Top of Dataset records

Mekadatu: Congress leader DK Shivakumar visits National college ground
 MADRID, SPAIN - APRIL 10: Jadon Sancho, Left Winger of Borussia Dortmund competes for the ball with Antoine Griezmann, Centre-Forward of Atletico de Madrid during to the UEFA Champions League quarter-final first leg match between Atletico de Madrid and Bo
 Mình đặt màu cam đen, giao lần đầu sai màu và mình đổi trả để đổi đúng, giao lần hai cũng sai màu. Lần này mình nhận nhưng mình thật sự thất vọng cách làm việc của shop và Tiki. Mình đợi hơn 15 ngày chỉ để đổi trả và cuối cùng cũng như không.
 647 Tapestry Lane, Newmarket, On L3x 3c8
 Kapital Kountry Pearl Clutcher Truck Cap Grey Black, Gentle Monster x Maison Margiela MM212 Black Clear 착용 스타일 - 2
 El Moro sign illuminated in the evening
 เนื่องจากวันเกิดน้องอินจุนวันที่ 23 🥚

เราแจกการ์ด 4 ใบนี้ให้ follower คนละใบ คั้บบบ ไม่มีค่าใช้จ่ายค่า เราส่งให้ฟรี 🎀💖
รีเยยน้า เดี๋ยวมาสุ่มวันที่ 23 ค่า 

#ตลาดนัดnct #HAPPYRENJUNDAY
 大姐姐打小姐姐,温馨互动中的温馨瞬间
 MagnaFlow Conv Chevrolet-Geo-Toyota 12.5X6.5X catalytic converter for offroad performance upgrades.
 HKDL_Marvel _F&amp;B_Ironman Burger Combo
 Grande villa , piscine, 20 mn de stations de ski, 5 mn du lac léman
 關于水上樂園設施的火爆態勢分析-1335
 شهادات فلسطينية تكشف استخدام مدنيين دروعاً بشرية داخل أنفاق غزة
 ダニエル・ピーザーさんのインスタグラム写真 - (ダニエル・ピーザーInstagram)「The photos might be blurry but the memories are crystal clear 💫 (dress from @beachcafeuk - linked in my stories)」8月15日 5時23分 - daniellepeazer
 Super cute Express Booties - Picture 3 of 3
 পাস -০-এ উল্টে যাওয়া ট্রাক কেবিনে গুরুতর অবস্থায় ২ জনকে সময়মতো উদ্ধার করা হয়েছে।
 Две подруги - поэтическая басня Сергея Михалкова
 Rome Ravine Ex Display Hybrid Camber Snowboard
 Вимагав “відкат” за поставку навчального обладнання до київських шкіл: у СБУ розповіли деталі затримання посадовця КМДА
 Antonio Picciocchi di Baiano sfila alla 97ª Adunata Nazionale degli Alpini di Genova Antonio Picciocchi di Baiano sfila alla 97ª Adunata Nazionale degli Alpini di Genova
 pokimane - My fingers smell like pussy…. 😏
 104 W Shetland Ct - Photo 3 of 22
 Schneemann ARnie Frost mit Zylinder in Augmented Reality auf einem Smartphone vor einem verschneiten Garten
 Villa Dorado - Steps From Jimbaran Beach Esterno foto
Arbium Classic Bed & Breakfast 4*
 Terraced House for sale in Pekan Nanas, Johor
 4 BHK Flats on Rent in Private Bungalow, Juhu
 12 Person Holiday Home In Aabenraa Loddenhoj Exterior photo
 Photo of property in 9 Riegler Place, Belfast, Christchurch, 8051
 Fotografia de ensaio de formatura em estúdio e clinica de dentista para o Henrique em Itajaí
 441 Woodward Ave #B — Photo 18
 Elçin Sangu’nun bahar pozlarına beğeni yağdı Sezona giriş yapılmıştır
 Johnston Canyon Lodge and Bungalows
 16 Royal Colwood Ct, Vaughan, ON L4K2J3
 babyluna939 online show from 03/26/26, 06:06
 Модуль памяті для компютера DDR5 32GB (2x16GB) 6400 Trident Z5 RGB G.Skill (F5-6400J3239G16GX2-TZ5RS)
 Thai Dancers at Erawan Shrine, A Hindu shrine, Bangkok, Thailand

Bottom of Dataset records

**Exercise instructions**
Only the lines from the one containing "Johnston Canyon Lodge and Bungalows" through the end of the records above belong in the answer, each exactly as written.

**Solution to this exercise**
 Johnston Canyon Lodge and Bungalows
 16 Royal Colwood Ct, Vaughan, ON L4K2J3
 babyluna939 online show from 03/26/26, 06:06
 Модуль памяті для компютера DDR5 32GB (2x16GB) 6400 Trident Z5 RGB G.Skill (F5-6400J3239G16GX2-TZ5RS)
 Thai Dancers at Erawan Shrine, A Hindu shrine, Bangkok, Thailand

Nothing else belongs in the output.